厚:「もしよかったら明日から徒競走の練習をしようよ。……ひとみさんも仲間に入ってもらえるとうれしいな」
ひとみ:「私、そんなに走れないけど。それでいいなら走ることは好きだからやりたいわ」

 その練習の結果いい成績を出すことができたひとみを、他のクラスメートがほめます。
「ひとみさん速いのね。見直したわ」
(『みんなの道徳6』学研 78-79)

 別の教科書です。修学旅行の夜のことです。女子児童のことばだけ抜き出してみます。

鈴木:「……自由におしゃべりしましょうよ。先生もわかってくださると思うわ」
山本:「……もう注意しなくてもいいわよ」
となりのへやからきた級友:「うるさいわね。静かにしなさいよ。ねむれないじゃない」
(『新しい道徳6』東京書籍 76-78)

 「先生もわかってくださると思うわ」「注意しなくてもいいわよ」「うるさいわね」など、戦前の女学生なら言っていたかもしれない言い方です。今の6年生の女の子が言うでしょうか。こうした教科書を1年間使い続けるうちに、実際の子どもたちはどう考えていくでしょう。教科書のことばは自分たちのものとは違うということをじっくり時間をかけて習っていくのでしょうか。

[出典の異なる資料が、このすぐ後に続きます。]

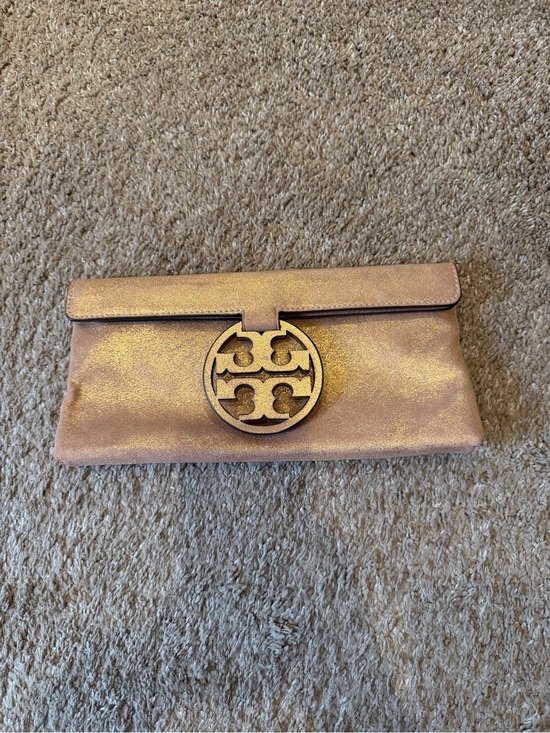 Tory Burch Handbags - Tory Burch Metallic Rose Gold Logo Clutch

 もうひとつ、気になったことばがあります。 3年生の教科書をみていて、「ぼくは」が多く使われているのに気がつきました。
「ぼくはこの四月にこの小学校へ転校してきました」
「ぼくはこれからおじさんのところに行きます」
といった調子です。「わたしは」もないわけではありません。
「わたしはすてきなものを発見しました」
などです。でもそれは「ぼくは」に比べたらかなり少ない。

 道徳を伝えるために、子どもの生活を題材にして身近に感じさせようとしている課が多いのですが、そこに登場する子どもはどうも男の子のほうが多そうなのです。それで、「ぼくは」という人称詞のほか、西郷隆盛などを除いて、「俊介は」のような性別のわかる名前が出てくるものを数えてみました。廣済堂あかつきの『小学生のどうとく3』では、「ぼくは、俊介は」式のものが13例、「わたしは、明子は」式のものが9例でした。教育出版の『小学 どうとく3』では「ぼくは、俊介は」式のが15例、「わたしは、明子は」式は9例でした。どちらも男の子が中心になって展開するストーリーが女の子のよりずっと多いのです。

 道徳の教科書だからこそこんなに差があるのは困ります。こういう教科書で毎日勉強する日本の子どもたちは、いつのまにかじわじわと男性が中心で動く男性上位の意識を身につけていってしまいます。これでは将来にわたってジェンダーギャップ指数111位から脱出するのは難しいのではないかと暗澹たる思いです。